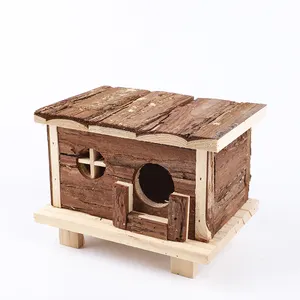 Wholesale Custom DIY Creative Bird House Kit Decorate Arts Crafts Wooden Bird Houses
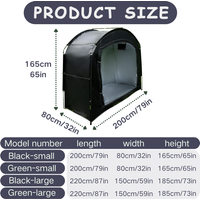 AliExpress NONE Outdoor Bike Shelter Tent Portable Personal Protection Canopy with Thickened Oxford Cloth for Travel Hiking And Cycling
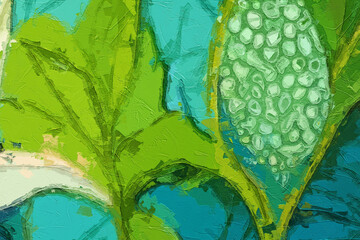 Oil paintings and various flowers, lotus leaves, lotus flowers, fish, horses, cats, dogs, beautiful...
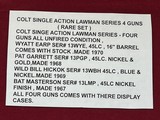 COLT SINGLE ACTION ARMY REVOLVER LAWMAN SERIES ~ WILD BILL HICKOK ~
45LC MADE IN 1969 - 9 of 10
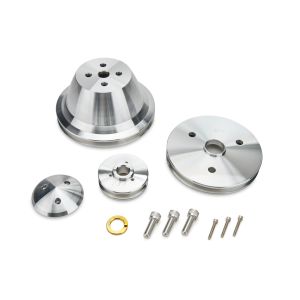 MARCH PERFORMANCE #6010 SB Chevy Pulley Set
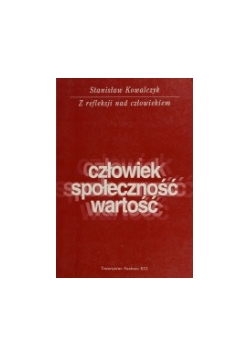 Człowiek społeczność wartości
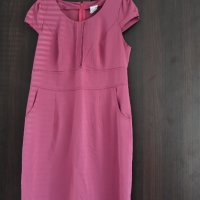 Елегантна права рокля, размер 52, снимка 5 - Рокли - 39481861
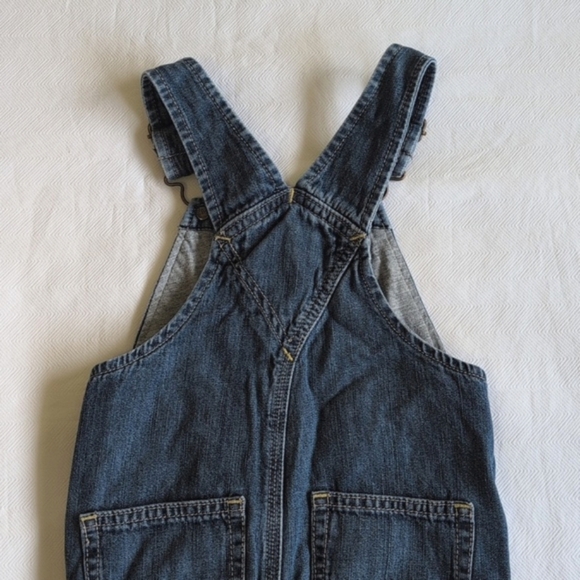 babyGap 1969 jersey lined denim carpenter overalls 18-24 months baby unisex - Picture 7 of 8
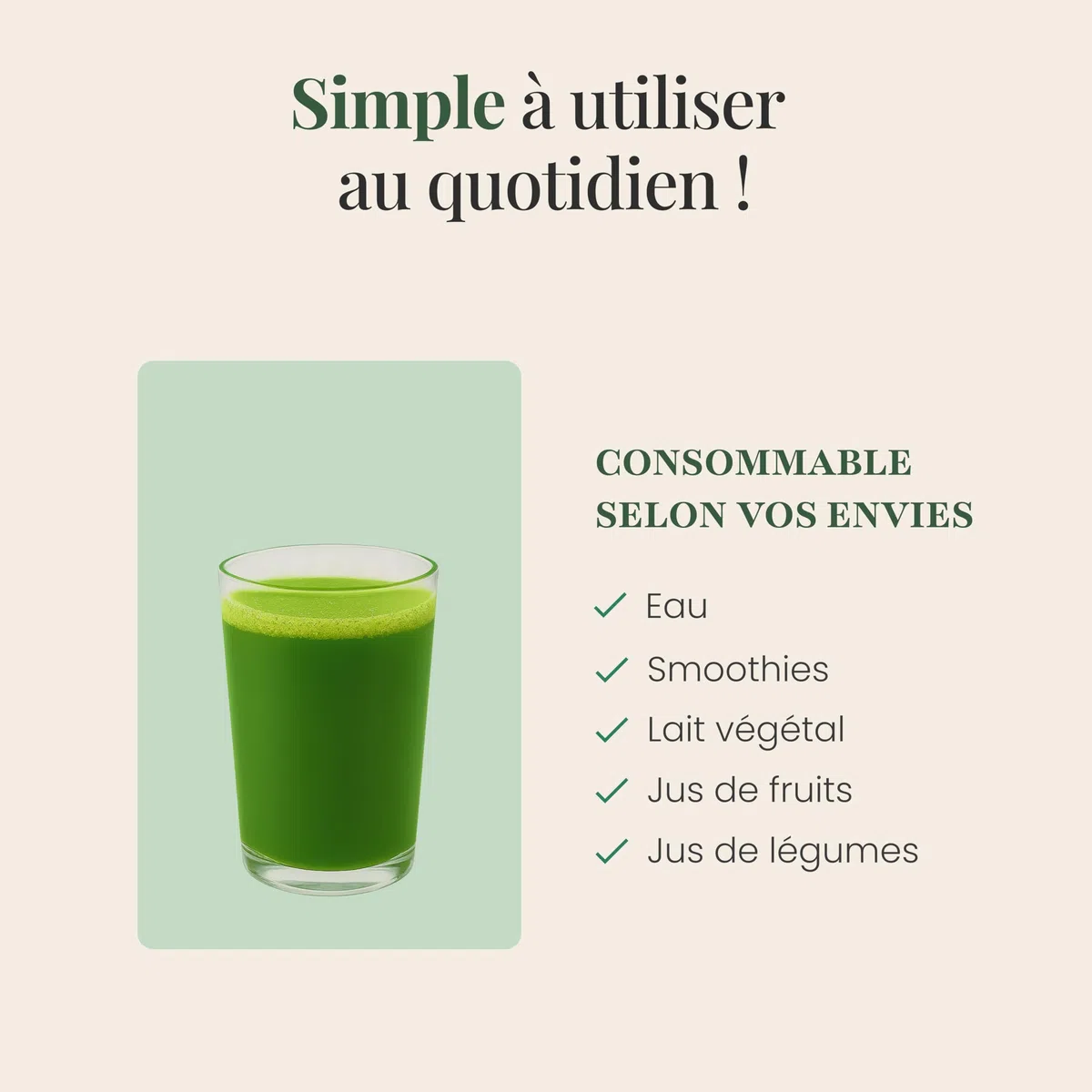 SFB Laboratoires - Jus d'Herbe de Blé Bio 100% Pur en Poudre - Riche en Chlorophylle et Nutriments Essentiels - SuperAliment - Détoxifiant Naturel - Idéal avec Smoothies, Jus, Eau - 150g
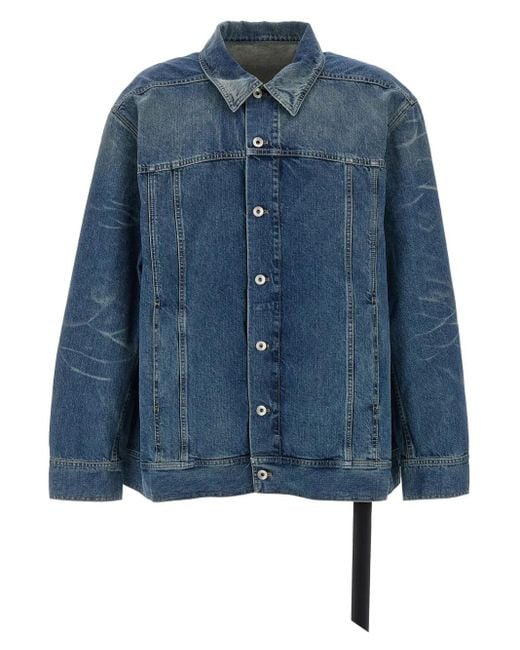 メンズ Rick Owens Jumbo Worker ジャケット Blue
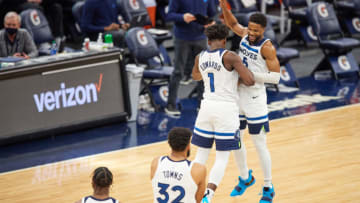 Malik Beasley and Anthony Edwards of the Minnesota Timberwolves both made SI's recent top 100 list. (Photo by Hannah Foslien/Getty Images)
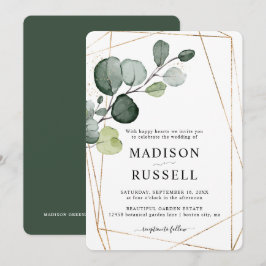 Eucalyptus Goud Groene Huwelijk Kaart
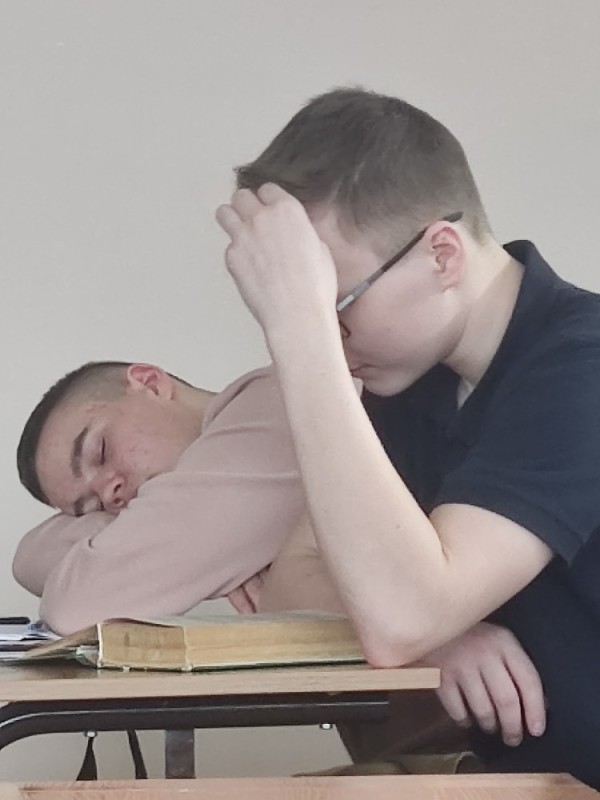 Create meme: sleeping in class, in school , guy 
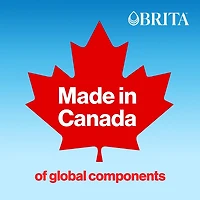 Filtre de rechange Brita standard, réduit les contaminants tout en conservant les minéraux sains, certifié par la WQA pour la réduction du chlore afin d’améliorer le goût de l’eau, fabriqué sans BPA, 3 filtres par boîte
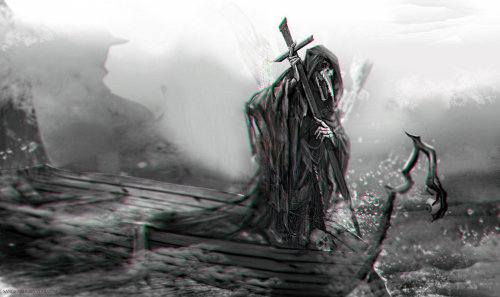 resistforever95:  :: Charon the Ferryman :: by Sangrde 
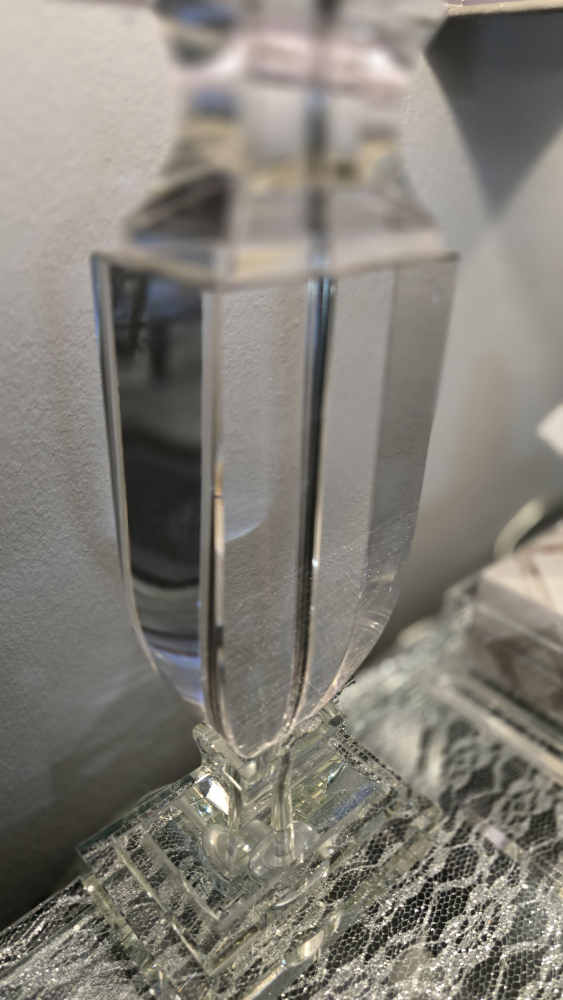 Crystal Table Lamp with Grey Shade - photo 3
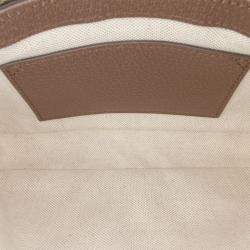 Pre Owned Gucci Brown GG Supreme Ophidia Pochette Crossbody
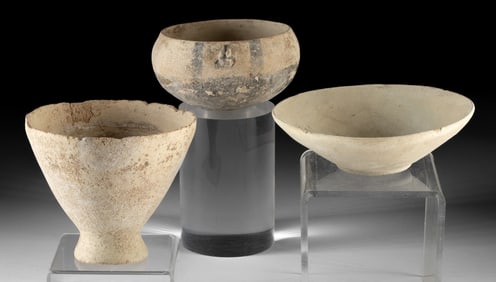 Group of 3 Chancay Pottery Vessels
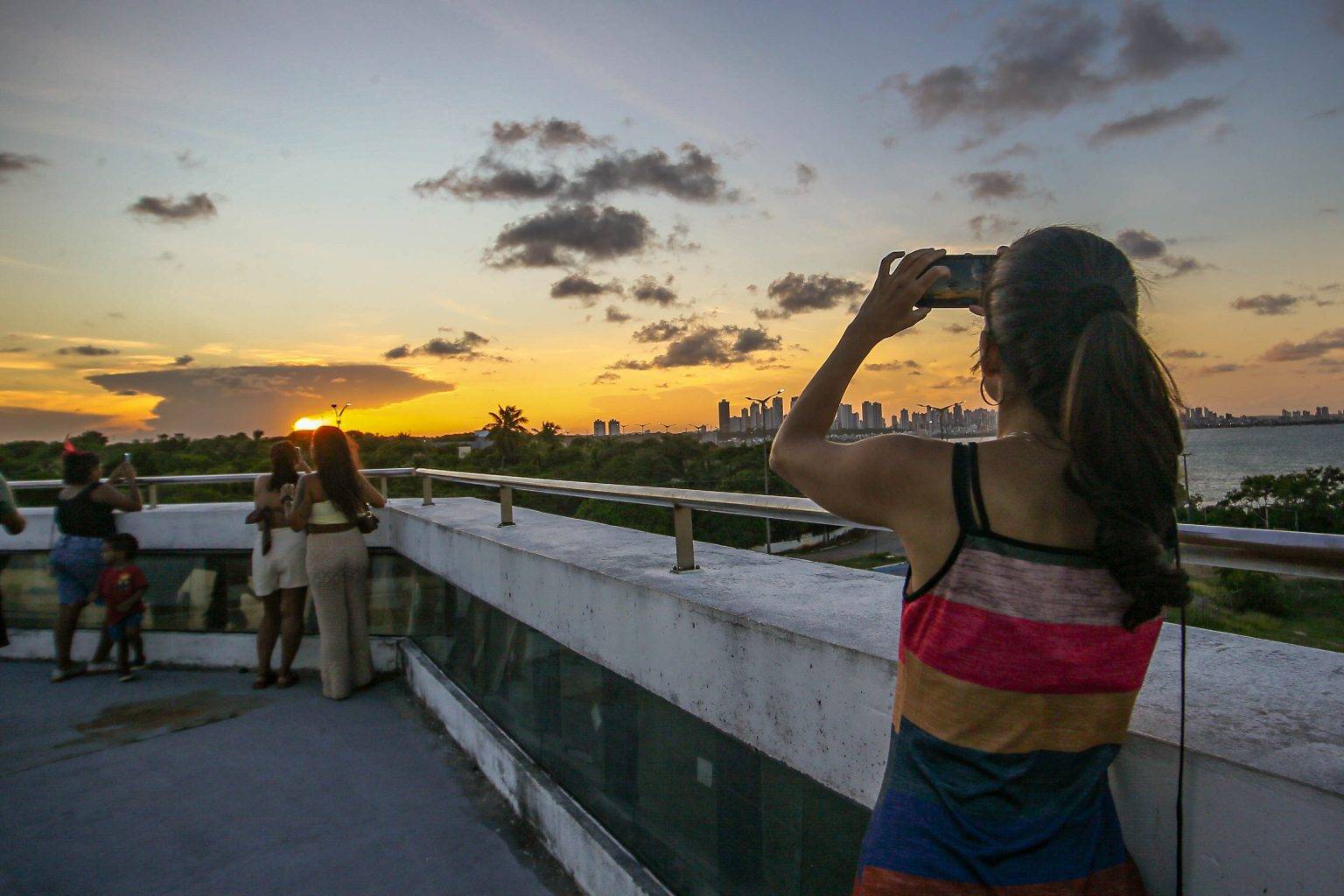 Estação Cabo Branco por do sol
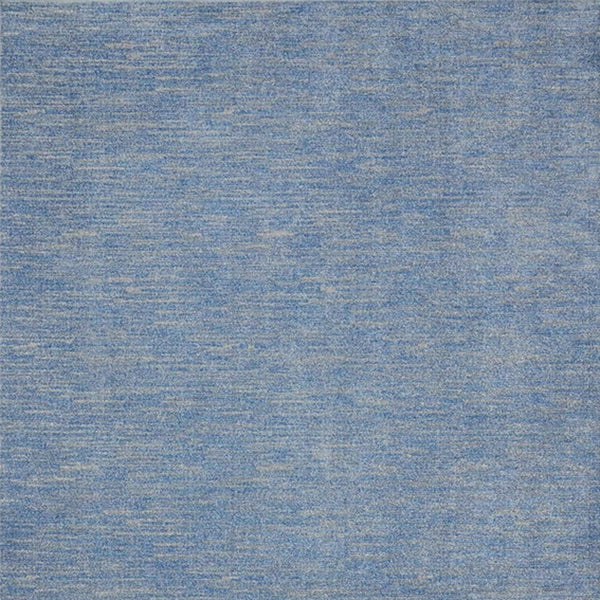 Homeroots 7' X 10' Blue And Grey Striped Non Skid Indoor Outdoor Area Rug  Polypropylene 479470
:::::
When you print the records above, keep them exact and leave out the pictures.

**ANSWER AREA:**
 Wholesale Custom DIY Creative Bird House Kit Decorate Arts Crafts Wooden Bird Houses
 AliExpress NONE Outdoor Bike Shelter Tent Portable Personal Protection Canopy with Thickened Oxford Cloth for Travel Hiking And Cycling
 Oil paintings and various flowers, lotus leaves, lotus flowers, fish, horses, cats, dogs, beautiful...
 COLT SINGLE ACTION ARMY REVOLVER LAWMAN SERIES ~ WILD BILL HICKOK ~
45LC MADE IN 1969 - 9 of 10
 MARCH PERFORMANCE #6010 SB Chevy Pulley Set
 Człowiek społeczność wartości
 Елегантна права рокля, размер 52, снимка 5 - Рокли - 39481861
 babyGap 1969 jersey lined denim carpenter overalls 18-24 months baby unisex - Picture 7 of 8
 SFB Laboratoires - Jus d'Herbe de Blé Bio 100% Pur en Poudre - Riche en Chlorophylle et Nutriments Essentiels - SuperAliment - Détoxifiant Naturel - Idéal avec Smoothies, Jus, Eau - 150g
 メンズ Rick Owens Jumbo Worker ジャケット Blue
 Malik Beasley and Anthony Edwards of the Minnesota Timberwolves both made SI's recent top 100 list. (Photo by Hannah Foslien/Getty Images)
 Eucalyptus Goud Groene Huwelijk Kaart
 Create meme: sleeping in class, in school , guy 
 Filtre de rechange Brita standard, réduit les contaminants tout en conservant les minéraux sains, certifié par la WQA pour la réduction du chlore afin d’améliorer le goût de l’eau, fabriqué sans BPA, 3 filtres par boîte
 resistforever95:  :: Charon the Ferryman :: by Sangrde 
 Crystal Table Lamp with Grey Shade - photo 3
 Pre Owned Gucci Brown GG Supreme Ophidia Pochette Crossbody
 Group of 3 Chancay Pottery Vessels
 Estação Cabo Branco por do sol
 Homeroots 7' X 10' Blue And Grey Striped Non Skid Indoor Outdoor Area Rug  Polypropylene 479470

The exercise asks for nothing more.